Keith Vaz (Leicester, East) (Lab): Further to the reply that my right hon. and learned Friend the Leader of the House gave to my hon. Friend the Member for Mitcham and Morden (Siobhain McDonagh), of course we appreciate greatly what the Government, the Prime Minister and the Foreign Secretary have done, and the statements by the Indian Government and Hillary Clinton yesterday. However, it remains the case that thousands of innocent Tamil people are being killed in Sri Lanka. A young man has been on hunger strike in Parliament square for three weeks. The situation is not getting better; it is getting worse.

The UK is a permanent member of the Security Council. Could we please take a resolution to the Security Council as quickly as possible? May we have a statement from the Foreign Secretary on the current situation before the debate on Wednesday? The point of being on the Security Council is that we can have an influence. This is our opportunity to influence what is happening in Sri Lanka.

Ms Harman: The British Government are working to influence the action taken throughout the world to mobilise the concern and press for a peaceful outcome for civilians. As I said, my right hon. Friend the Member for Kilmarnock and Loudoun has been to New York to discuss with Sri Lankan and UN officials how the matter should be taken through the UN, and a Department for International Development Minister is going to Sri Lanka later this week, so action is being taken. We want to reassure the Tamil community here, who play a big part in this country and who are very concerned about what is happening to their friends and relatives back home.

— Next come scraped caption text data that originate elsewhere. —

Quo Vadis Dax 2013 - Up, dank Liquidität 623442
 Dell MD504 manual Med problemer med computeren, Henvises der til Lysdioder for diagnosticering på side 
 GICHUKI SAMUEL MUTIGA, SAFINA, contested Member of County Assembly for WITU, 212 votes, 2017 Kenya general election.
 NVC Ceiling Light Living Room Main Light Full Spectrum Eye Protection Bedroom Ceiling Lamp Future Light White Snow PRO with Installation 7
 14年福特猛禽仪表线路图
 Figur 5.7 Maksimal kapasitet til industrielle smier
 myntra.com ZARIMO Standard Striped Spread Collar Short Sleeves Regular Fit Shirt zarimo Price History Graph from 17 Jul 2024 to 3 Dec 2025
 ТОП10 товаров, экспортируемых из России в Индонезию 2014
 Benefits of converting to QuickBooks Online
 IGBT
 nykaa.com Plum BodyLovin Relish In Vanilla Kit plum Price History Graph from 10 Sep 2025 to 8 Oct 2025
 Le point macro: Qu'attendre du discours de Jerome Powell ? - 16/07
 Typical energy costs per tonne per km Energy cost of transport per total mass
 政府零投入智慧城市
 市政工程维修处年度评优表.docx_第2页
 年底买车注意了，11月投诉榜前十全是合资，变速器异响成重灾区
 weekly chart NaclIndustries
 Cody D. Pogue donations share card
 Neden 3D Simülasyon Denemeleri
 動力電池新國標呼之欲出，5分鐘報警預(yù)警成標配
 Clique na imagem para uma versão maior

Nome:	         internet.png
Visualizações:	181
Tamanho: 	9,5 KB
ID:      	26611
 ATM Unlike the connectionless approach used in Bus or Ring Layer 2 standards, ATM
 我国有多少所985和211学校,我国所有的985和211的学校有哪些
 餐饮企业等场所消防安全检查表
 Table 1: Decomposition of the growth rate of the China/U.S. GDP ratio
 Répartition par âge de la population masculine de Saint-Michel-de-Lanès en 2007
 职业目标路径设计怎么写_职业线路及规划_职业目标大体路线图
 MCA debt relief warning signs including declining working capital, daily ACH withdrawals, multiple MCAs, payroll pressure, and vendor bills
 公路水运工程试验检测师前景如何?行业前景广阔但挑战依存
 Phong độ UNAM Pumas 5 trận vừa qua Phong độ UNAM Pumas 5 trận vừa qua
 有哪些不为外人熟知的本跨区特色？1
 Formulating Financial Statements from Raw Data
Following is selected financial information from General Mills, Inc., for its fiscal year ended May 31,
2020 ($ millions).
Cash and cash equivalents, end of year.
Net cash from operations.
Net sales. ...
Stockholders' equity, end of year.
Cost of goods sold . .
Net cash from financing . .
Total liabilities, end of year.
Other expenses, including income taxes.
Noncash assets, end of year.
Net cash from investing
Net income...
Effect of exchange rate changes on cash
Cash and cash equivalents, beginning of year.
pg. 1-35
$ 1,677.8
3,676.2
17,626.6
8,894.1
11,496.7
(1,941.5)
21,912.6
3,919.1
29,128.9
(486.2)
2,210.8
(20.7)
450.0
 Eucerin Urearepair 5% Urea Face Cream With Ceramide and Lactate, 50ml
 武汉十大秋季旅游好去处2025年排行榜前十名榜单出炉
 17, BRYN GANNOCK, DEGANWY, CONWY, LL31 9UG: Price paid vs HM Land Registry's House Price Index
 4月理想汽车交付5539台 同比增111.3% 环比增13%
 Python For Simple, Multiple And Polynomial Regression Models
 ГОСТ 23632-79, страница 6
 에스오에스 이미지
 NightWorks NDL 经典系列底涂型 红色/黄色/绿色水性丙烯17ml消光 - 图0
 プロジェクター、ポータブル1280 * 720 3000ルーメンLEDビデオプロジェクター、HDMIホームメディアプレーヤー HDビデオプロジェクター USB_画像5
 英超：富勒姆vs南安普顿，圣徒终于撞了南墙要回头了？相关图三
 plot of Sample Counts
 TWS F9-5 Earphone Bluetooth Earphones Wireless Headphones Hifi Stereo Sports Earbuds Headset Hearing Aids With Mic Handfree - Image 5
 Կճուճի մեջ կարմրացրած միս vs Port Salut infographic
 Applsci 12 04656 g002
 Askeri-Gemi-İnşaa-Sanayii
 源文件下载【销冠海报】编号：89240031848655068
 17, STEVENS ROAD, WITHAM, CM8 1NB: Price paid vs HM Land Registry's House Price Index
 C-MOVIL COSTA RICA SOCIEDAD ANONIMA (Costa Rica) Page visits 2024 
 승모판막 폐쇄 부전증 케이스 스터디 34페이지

Sir George Young (North-West Hampshire) (Con): Reverting to next Thursday’s business, how committed is the right hon. and learned Lady to a 1 July start date for all the propositions, which seems to me extremely challenging? If there is some flexibility, does that not strengthen the argument for allowing Sir Christopher Kelly to complete the job that the Prime Minister asked him to do? How on earth can the House sensibly vote next Thursday for a new proposition when we do not know what the daily rate is going to be? There are public expenditure consequences, and we should not sign a blank cheque.